▶ Description of the task:
From the line that contains "Hyundai Ioniq 5" to the final line of the entries below, write out every line exactly as it appears, and nothing else.

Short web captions
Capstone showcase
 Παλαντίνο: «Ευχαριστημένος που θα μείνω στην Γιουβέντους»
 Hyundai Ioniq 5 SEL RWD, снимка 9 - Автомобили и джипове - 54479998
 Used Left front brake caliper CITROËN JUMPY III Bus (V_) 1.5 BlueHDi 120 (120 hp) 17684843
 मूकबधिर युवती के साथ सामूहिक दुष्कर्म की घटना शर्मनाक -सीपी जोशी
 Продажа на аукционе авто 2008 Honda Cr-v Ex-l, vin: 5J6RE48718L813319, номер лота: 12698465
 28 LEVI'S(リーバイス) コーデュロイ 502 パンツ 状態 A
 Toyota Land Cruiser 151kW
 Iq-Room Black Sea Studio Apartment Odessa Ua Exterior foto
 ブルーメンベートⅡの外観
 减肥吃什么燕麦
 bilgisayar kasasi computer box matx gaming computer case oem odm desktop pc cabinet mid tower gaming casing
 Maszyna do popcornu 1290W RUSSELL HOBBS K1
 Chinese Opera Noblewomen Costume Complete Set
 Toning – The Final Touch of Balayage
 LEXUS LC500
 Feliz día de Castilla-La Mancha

▶ Exercise output:
 Hyundai Ioniq 5 SEL RWD, снимка 9 - Автомобили и джипове - 54479998
 Used Left front brake caliper CITROËN JUMPY III Bus (V_) 1.5 BlueHDi 120 (120 hp) 17684843
 मूकबधिर युवती के साथ सामूहिक दुष्कर्म की घटना शर्मनाक -सीपी जोशी
 Продажа на аукционе авто 2008 Honda Cr-v Ex-l, vin: 5J6RE48718L813319, номер лота: 12698465
 28 LEVI'S(リーバイス) コーデュロイ 502 パンツ 状態 A
 Toyota Land Cruiser 151kW
 Iq-Room Black Sea Studio Apartment Odessa Ua Exterior foto
 ブルーメンベートⅡの外観
 减肥吃什么燕麦
 bilgisayar kasasi computer box matx gaming computer case oem odm desktop pc cabinet mid tower gaming casing
 Maszyna do popcornu 1290W RUSSELL HOBBS K1
 Chinese Opera Noblewomen Costume Complete Set
 Toning – The Final Touch of Balayage
 LEXUS LC500
 Feliz día de Castilla-La Mancha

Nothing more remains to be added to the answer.